BOLOGNA, 15 APR – Martedi’ sera l’ha visto vivo per l’ultima volta. Stanotte verso le 4 Vittorio Arrigoni, l’amico e compagno di battaglie per l’International solidarity movement (Ism), era davanti ai suoi occhi, cadavere in un appartamento a Gaza city. Silvia Todeschini ha riconosciuto il corpo del pacifista lombardo sequestrato e ucciso da un commando di estremisti salafiti. Con lei c’era un’altra donna del Movimento, uniche presenze ‘civili’ tra tanti poliziotti nel luogo del ritrovamento.
Ventisette anni, di Noventa Padovana, Silvia e’ arrivata in Palestina a ottobre, una laurea in fisica e tanta voglia di capire e aiutare il popolo palestinese. Dopo una notte insonne e cercando di trattenere l’emozione, racconta all’ANSA quello che ha visto: ”Vittorio era per terra su un materasso, non aveva ferite da arma da fuoco ma sangue dietro la nuca, probabilmente per dei colpi, e ai polsi per le catene o lacci che lo tenevano legato. Aveva ancora addosso la benda, leggermente sollevata per renderlo riconoscibile e la stessa maglietta nera che si vede nel video. Attorno non c’erano segni di colluttazione”.
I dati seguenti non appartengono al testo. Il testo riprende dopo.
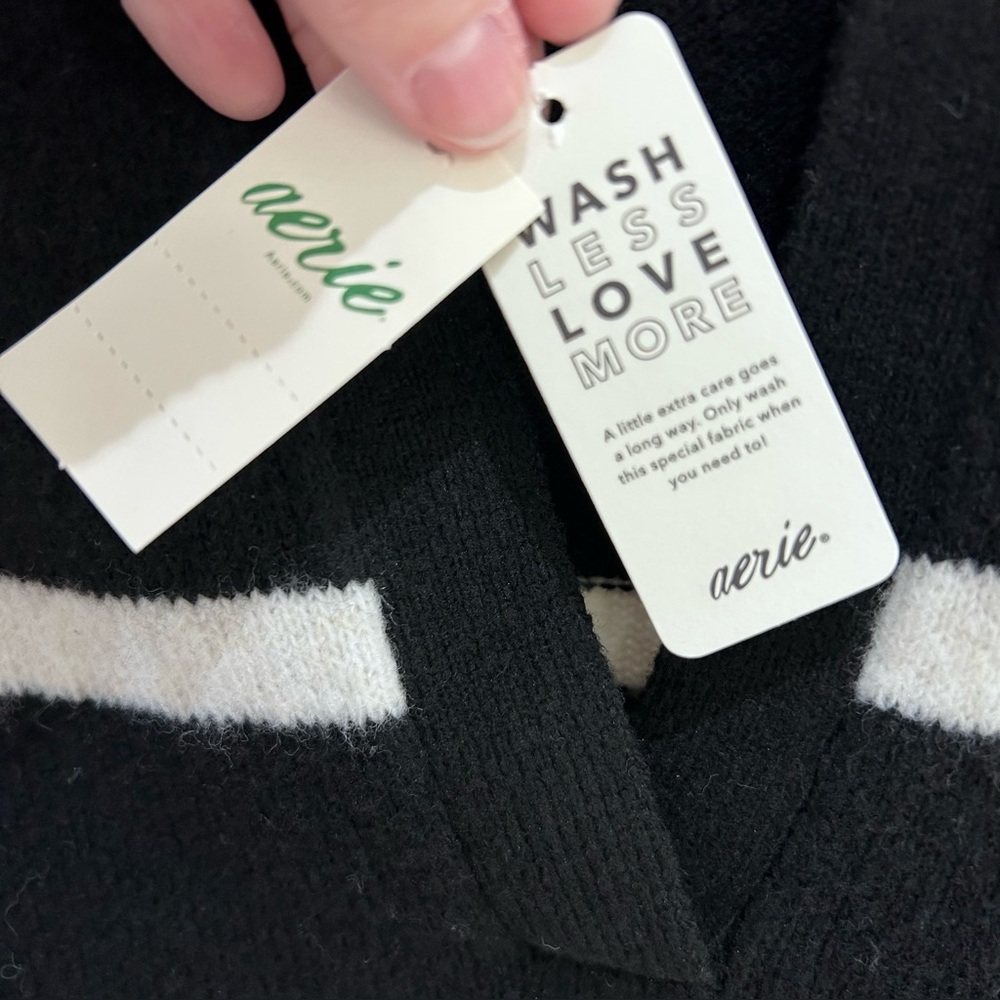 Aerie V-Neck Collar Sweater Long Sleeve Black White Stripes Women’s NWT Size M - Picture 5 of 11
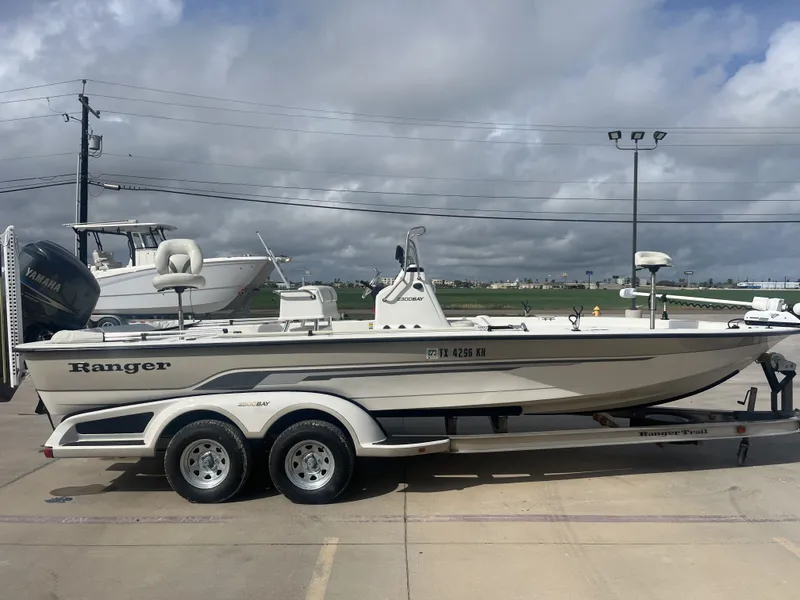 Slide: The Image of Ranger 2300 Bay 2005 - 7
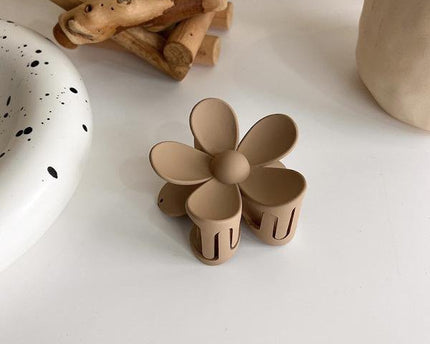 Melkachtige koffie kleurtoon klauw haarclips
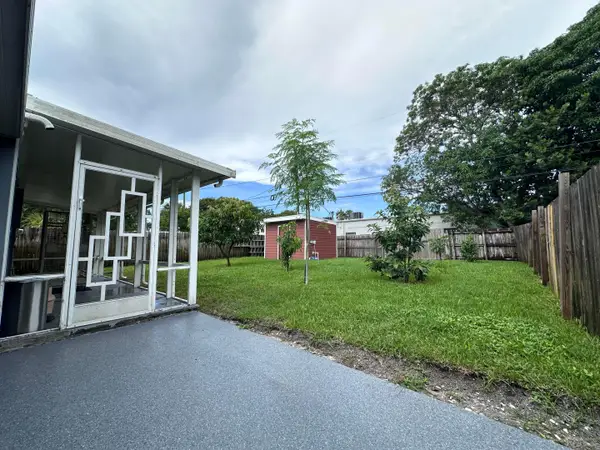 1013 N C Street, Lake Worth Beach, FL 33460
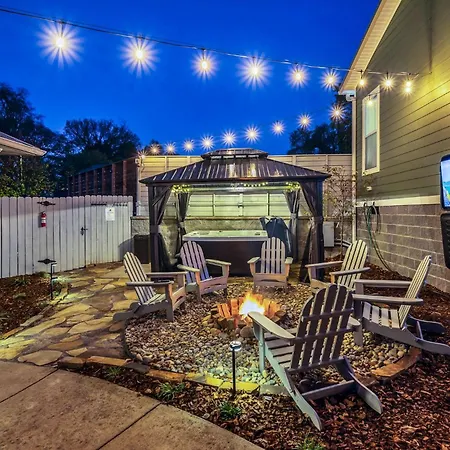 Greenwood With Covered Hot Tub, Fire Pit, And Outdoor Tv!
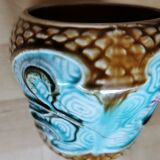 Vases plants in ancient dabbling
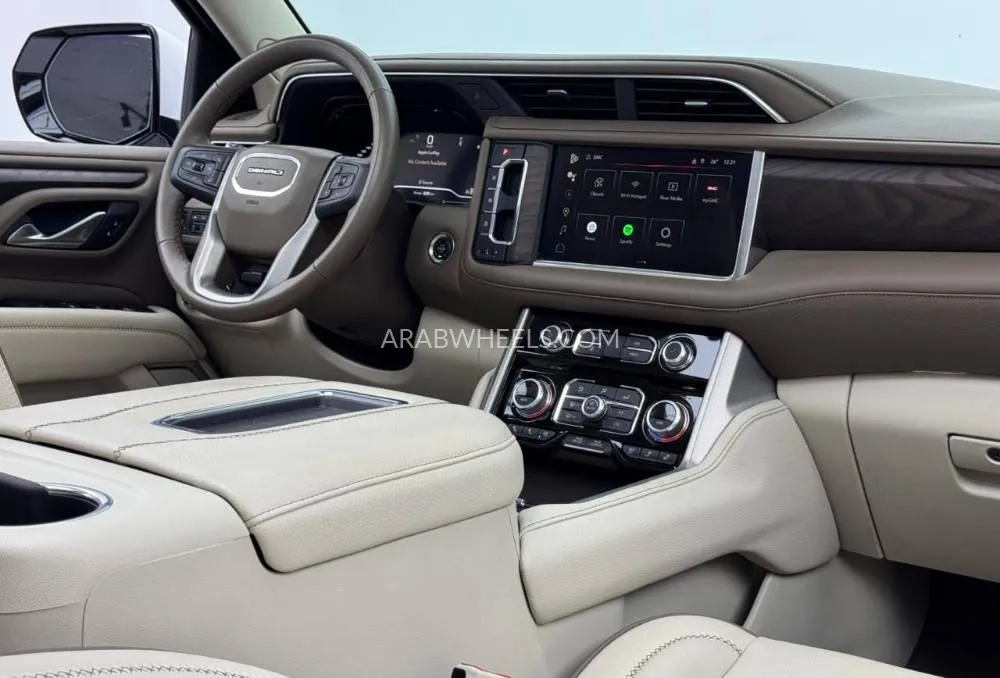 جي إم سي يوكون 2022 for Sale in دبي Image-15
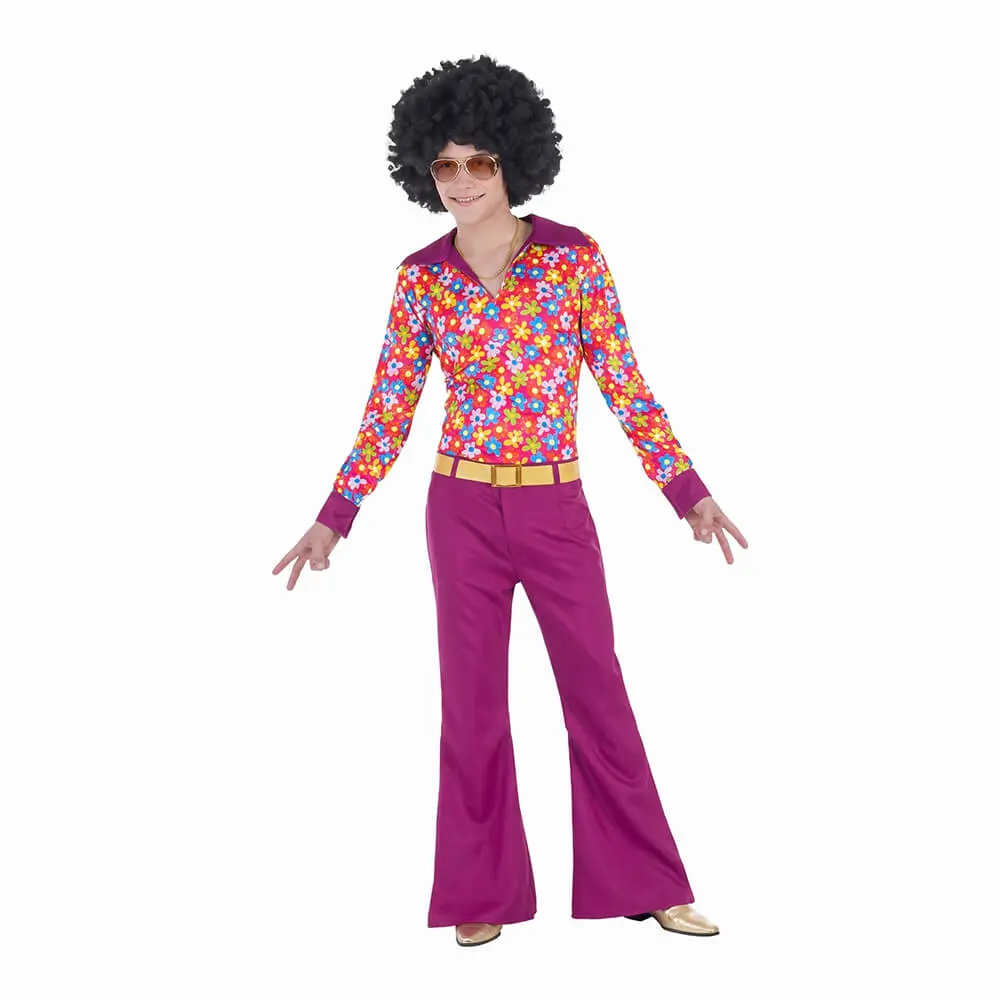 Hombre de frente posando con una mano en la cadera luciendo el disfraz de hippie años 70 de flores de la tienda Disfraces Lucero, compuesto por camisa con estampado de flores multicolor, pantalón de campana magenta, cinturón dorado, gafas de sol y peluca afro negra.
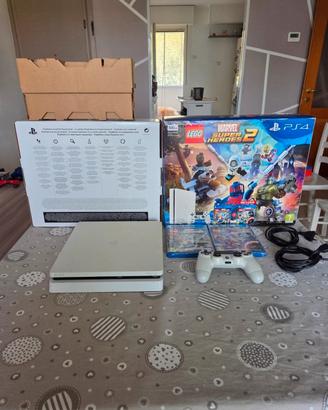 Ps4 Slim con Joystick e 2 Giochi Sealed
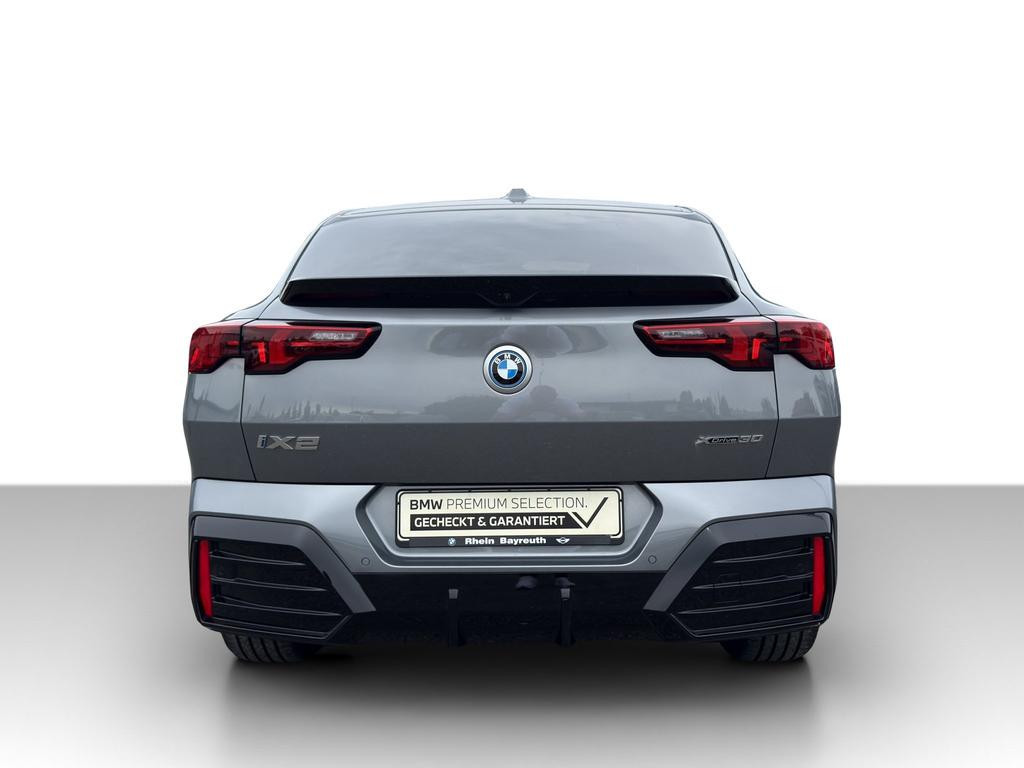 BMW iX2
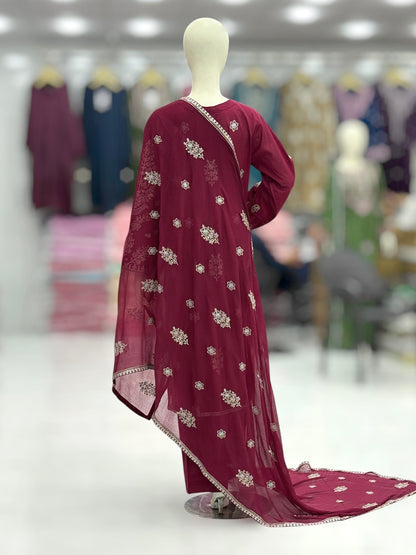 Moon Light Exclusive Lawn L82-C | Stitched | 3 Piece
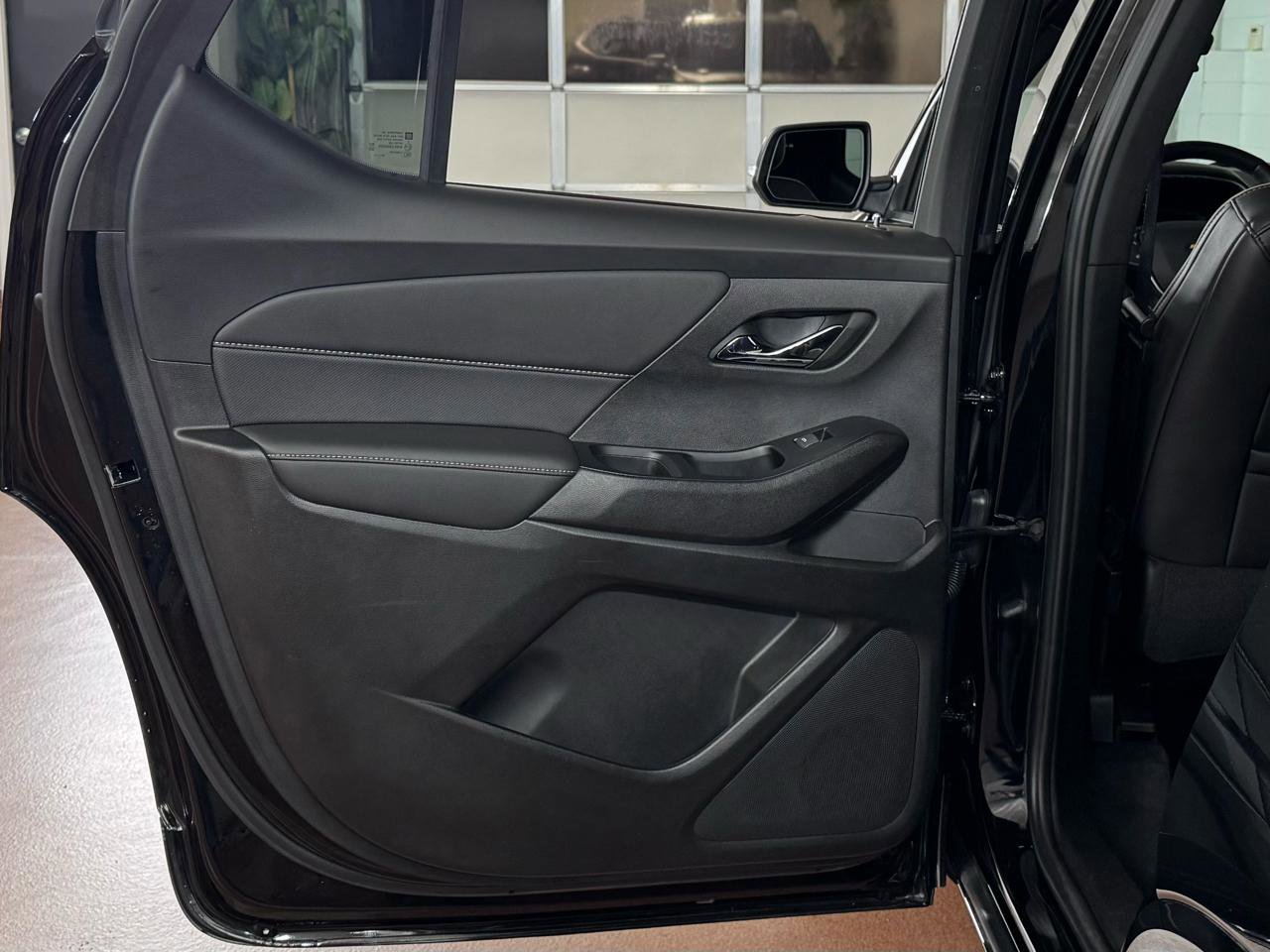 Used 2023 Chevrolet Traverse Premier w/ LPO, Floor Liner Package AWD/4WD image 38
Un’ immagine scolpita nella mente e descritta anche in una mail inviata alla newsletter del Coordinamento della campagna Bds italiana (Boicottaggio, disinvestimento, sanzioni). ”Vittorio, amico e compagno, e’ morto”, e’ l’incipit del suo messaggio. Ma subito dopo Silvia cambia discorso e insiste per ricordare chi era Arrigoni e cosa ha fatto: ”Vorrei soprattutto che la gente sapesse, o ricordasse, tutto quello che ha fatto in Palestina – elenca – Sono dieci anni che lavorava nella West bank, dal 2008 era a Gaza, ha lottato assieme ai contadini perche’ potessero continuare a coltivare le loro terre, poi con i pescatori. E’ finito anche nelle prigioni israeliane ma non ha mai smesso di crederci e martedi’ ci siamo visti a un incontro su un progetto per il monitoraggio delle violazioni dei diritti umani da parte di Israele contro i pescatori”.
A breve avrebbe dovuto tornare in Italia, un viaggio sempre rinviato. ”Da un mese diceva che doveva partire ma poi non partiva mai. Gaza era ormai la sua seconda casa”. Da quello che ha ricostruito finora l’Ism, le ultime ‘tracce’ di Vittorio risalgono a mercoledi’ sera. ”Era andato in palestra e poi aveva chiamato una trattoria gestita da amici a Gaza city per prenotare un tavolo verso le 22 – racconta Silvia – ma non e’ mai arrivato. Cosi’ mezz’ora dopo dalla trattoria l’avevano richiamato, ma il suo cellulare era spento”.
Ieri verso le 20 i primi dubbi. ”Un giornalista palestinese ci ha detto che girava voce che Vittorio era stato rapito – continua la volontaria – All’inizio non gli ho creduto ma poi abbiamo visto il video su Youtube”. Nel frattempo nella sede del Movimento cominciava il viavai di palestinesi, gente comune o associazioni, in cerca di notizie. ”Stanotte attraverso Twitter abbiamo saputo che era morto e siamo corse all’ospedale Shifa. Ma qui dei palestinesi, non so se poliziotti, ci hanno portato nell’appartamento per il riconoscimento”. Ora pero’ c’e’ da pensare al rientro della salma in Italia. ”Speriamo possa tornare dall’Egitto e non da Israele. Mai e poi mai avrebbe voluto passare da li”.